For centuries, photographers and astronomers have applied the principle of small-aperture optics to their crafts. By the 1940s, ophthalmologists and optometrists started to take advantage of the concept in eye care. Today, small-aperture technology can improve the vision of presbyopic patients with and without cataracts using advanced approaches that extend depth of focus and reduce lower- and higher-order aberrations.
Channeling light through a small aperture blocks stray and unfocused rays, thereby sharpening vision and extending the depth of field. A small aperture can also minimize the impact of corneal aberrations.
Several small-aperture strategies have been proposed to treat presbyopia. They include topical miotic drops, inlays, and implants designed for the sulcus and capsular bag. These strategies are in various stages of use and development, and they are associated with a variety of outcomes.

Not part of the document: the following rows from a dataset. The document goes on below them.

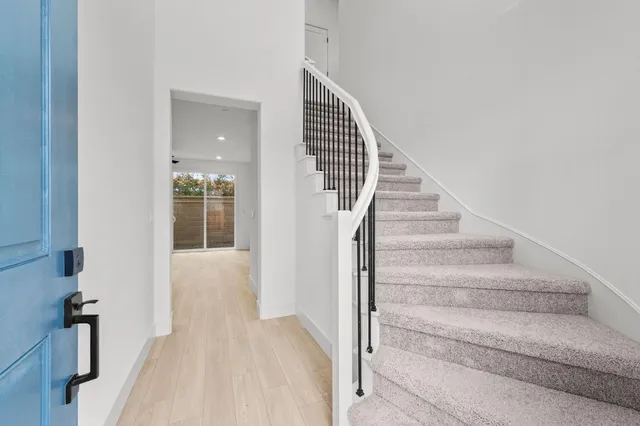 a view of staircase with white walls and windows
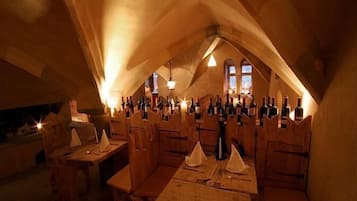 Une pièce mansardée avec des tables et des chaises en bois, des bouteilles de vin et un lustre.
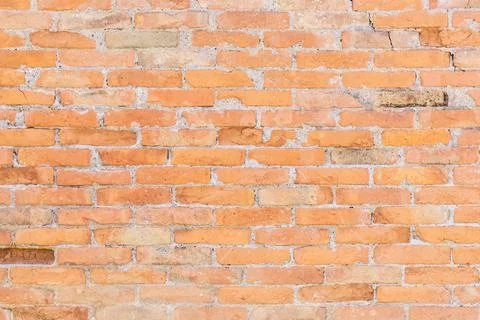 Brown brick wall background, old brick wall close up, textured, macro Stock Photos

Constricting drops. Several companies are exploring pharmacologic agents for pupillary constriction as a means of addressing presbyopia in emmetropic patients. The goal is to overcome the unwanted side effects of past strategies using miotic drops such as headache, nausea, and ciliary spasm.1,2 Although a noninvasive topical approach is attractive, daily administration could be unappealing to or difficult for patients. Any viable presbyopic drop formulation would have to be well-tolerated and long-lasting and have a rapid onset of action.

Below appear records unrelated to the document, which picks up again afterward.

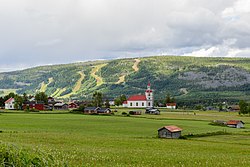 Juni 2014 Ansicht von Klövsjö mit Klövsjö-Kirche und den Skihügeln im Hintergrund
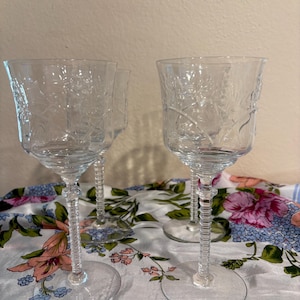 May include: Four clear, stemmed wine glasses with etched floral designs. The glasses have a round base, a twisted stem, and a flared bowl. They are arranged on a floral patterned tablecloth.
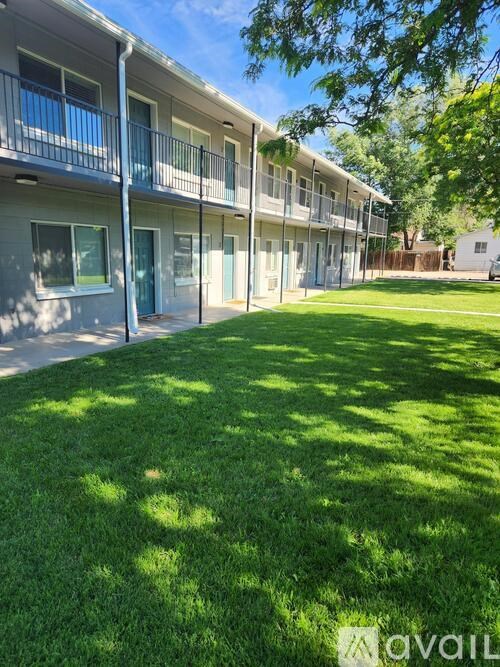 A sunny day at the grassy courtyard of a multi-story apartment building.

Several drops are currently being studied. Liquid Vision PRX-100 (Presbyopia Therapies) is a combination of aceclidine and tropicamide.3 Allergan has two drop candidates, AGN-199201 and AGN-190584, both of which are miotic agents.4 PresbiDrops/CSF-1 (Orasis Pharmaceuticals) contains an undisclosed parasympathomimetic to stimulate miosis and accommodation and an NSAID to prolong the effect.5
Inlays. The Kamra small-aperture intrastromal corneal inlay (CorneaGen) is intended for presbyopes who have a healthy crystalline lens. This removable device is a less-invasive option compared with IOL implantation. The inlay is implanted into a deep stromal pocket created by a femtosecond laser. The inlay’s safety and efficacy are documented, including in the recent publication of 3-year data from US clinical trials.6 Another large 4-year study involving nearly 3,000 patients found that fewer than 1% of Kamra inlays were removed due to haze or a refractive shift.7 Pearls for success include deep implantation, attention to ocular surface health, and a slightly myopic target in the inlay eye. Other inlays have been available in the United States (Raindrop, ReVision Optics) and abroad (Raindrop and Flexivue Microlens, Presbia) in the past, but they have been removed from the market or are no longer available.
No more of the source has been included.